The records below hold a stretch from the line with "TIPSY ELVES MEN'S" through the line with "Waist Pack with"; return exactly those lines, ends included, and nothing more.

++++ Given entries ++++

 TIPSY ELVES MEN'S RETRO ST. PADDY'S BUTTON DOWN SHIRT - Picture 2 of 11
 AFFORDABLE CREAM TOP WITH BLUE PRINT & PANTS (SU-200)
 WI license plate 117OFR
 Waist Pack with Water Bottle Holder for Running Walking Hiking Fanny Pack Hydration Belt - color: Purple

++++
++++ Given entries ++++

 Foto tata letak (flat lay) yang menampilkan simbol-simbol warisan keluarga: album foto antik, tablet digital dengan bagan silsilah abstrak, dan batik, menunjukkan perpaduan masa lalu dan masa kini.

++++

Final answer
 TIPSY ELVES MEN'S RETRO ST. PADDY'S BUTTON DOWN SHIRT - Picture 2 of 11
 AFFORDABLE CREAM TOP WITH BLUE PRINT & PANTS (SU-200)
 WI license plate 117OFR
 Waist Pack with Water Bottle Holder for Running Walking Hiking Fanny Pack Hydration Belt - color: Purple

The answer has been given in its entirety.